Work item:
Sort through the data and copy the lines holding the word "direct".

──────── Recorded data

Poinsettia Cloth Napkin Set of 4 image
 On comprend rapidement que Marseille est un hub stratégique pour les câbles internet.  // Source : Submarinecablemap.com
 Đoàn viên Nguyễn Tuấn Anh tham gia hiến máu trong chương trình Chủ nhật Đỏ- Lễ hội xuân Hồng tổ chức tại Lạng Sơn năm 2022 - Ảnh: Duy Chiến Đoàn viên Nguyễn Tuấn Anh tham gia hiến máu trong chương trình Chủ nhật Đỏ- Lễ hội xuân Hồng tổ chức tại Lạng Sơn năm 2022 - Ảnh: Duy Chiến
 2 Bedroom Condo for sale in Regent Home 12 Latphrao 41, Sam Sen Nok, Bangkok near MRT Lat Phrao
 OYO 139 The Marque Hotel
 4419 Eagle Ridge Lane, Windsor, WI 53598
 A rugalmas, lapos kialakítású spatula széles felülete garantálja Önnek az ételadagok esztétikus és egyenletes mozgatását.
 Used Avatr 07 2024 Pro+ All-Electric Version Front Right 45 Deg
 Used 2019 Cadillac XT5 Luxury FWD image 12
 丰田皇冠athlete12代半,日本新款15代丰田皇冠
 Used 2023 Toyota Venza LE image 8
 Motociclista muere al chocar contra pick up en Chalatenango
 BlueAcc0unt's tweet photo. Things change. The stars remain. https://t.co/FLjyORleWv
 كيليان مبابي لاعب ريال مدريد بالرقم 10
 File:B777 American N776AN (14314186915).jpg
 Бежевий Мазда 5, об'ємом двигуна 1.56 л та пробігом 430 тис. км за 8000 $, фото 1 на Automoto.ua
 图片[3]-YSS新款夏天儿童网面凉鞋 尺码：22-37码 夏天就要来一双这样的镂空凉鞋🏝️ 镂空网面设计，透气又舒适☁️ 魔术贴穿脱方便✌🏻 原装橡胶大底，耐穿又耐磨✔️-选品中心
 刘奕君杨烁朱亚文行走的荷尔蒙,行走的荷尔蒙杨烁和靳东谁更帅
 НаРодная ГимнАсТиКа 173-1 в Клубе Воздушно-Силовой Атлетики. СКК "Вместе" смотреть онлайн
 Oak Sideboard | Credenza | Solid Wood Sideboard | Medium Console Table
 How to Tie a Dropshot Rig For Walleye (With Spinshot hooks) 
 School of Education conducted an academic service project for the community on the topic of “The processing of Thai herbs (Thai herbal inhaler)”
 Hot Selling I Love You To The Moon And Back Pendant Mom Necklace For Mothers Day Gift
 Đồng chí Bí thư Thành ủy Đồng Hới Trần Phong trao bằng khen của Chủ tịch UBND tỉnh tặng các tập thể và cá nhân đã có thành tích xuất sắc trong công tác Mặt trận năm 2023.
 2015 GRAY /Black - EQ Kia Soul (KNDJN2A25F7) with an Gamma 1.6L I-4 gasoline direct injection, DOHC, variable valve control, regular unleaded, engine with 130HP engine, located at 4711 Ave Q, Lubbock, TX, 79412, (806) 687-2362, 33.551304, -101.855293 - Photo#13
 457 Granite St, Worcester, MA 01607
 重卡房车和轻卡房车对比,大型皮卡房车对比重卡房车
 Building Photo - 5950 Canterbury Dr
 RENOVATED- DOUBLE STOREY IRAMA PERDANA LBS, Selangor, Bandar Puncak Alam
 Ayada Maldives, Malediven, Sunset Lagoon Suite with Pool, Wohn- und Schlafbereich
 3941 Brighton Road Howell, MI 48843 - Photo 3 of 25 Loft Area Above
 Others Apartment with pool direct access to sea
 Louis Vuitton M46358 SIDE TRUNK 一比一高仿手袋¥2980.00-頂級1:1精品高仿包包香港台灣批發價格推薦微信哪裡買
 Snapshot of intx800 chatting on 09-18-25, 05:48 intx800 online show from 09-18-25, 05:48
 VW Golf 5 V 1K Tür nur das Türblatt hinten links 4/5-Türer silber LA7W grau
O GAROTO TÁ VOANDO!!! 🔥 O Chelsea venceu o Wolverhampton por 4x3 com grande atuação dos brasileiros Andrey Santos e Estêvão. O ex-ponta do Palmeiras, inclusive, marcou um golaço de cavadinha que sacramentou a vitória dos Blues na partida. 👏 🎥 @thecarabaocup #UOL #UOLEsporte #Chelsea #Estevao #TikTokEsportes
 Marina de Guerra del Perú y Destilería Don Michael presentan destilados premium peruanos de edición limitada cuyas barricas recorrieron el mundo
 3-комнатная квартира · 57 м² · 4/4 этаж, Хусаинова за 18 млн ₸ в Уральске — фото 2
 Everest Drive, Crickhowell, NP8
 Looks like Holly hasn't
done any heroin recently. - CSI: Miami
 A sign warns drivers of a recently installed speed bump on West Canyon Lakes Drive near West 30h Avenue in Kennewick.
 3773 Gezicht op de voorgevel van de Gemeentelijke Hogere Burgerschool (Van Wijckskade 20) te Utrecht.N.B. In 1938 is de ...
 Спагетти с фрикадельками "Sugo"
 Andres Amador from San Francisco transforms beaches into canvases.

────────────────

Solution for this problem:
 2015 GRAY /Black - EQ Kia Soul (KNDJN2A25F7) with an Gamma 1.6L I-4 gasoline direct injection, DOHC, variable valve control, regular unleaded, engine with 130HP engine, located at 4711 Ave Q, Lubbock, TX, 79412, (806) 687-2362, 33.551304, -101.855293 - Photo#13
 Others Apartment with pool direct access to sea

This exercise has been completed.